El Señor, a través de la Cuaresma, especialmente en la escucha atenta a Su Palabra, desea pulir el tesoro que habita en nuestro interior y que muchas veces por tantas capas y capas, desconocemos o ignoramos. Somos como diamantes en bruto, oro en lingotes que a través del trabajo, del calor y el crisol pueden ser moldeados, afinados, mostrando la mejor cara de nosotros mismos, no la de la apariencia sino la de la transparencia.
Algunas asperezas hay que rectificar, también impurezas; unas pertenecen al carácter, otras a la insolidaridad, también a la impaciencia, a lo que pudimos hacer y no hicimos, y a tantas palabras que no pudimos callar. Cómo no limar la falta de fe y de esperanza, también de caridad. Y, qué decir de la tibieza, la soberbia, la hipocresía o el pensar solo en el más acá. La pereza y las pocas ganas, el comportamiento a veces como si no existiera nadie más.

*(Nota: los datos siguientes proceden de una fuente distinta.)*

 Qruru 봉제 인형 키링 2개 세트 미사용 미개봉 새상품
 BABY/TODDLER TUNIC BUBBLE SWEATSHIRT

Aprovechemos algún tiempo para ponernos en la presencia de Dios, para dejarnos iluminar por Su Mirada, que es compasiva, misericordiosa y justa. Si nos miramos desde nosotros, nos quedaremos cortos o veremos de más. Si nos dejamos ver por la muchedumbre no veremos a Jesús como Zaqueo (cf. Lc 19, 3). Dejémonos ver por la mirada compasiva de Dios compasivo, misericordiosa de Dios misericordioso; mirada llena de ternura para con todos.
Aunque nos alejemos, Él siempre espera nuestro regreso. Volvamos a la casa del Padre: por estar con Él y también por la fiesta (cf. Lc 15, 11-32).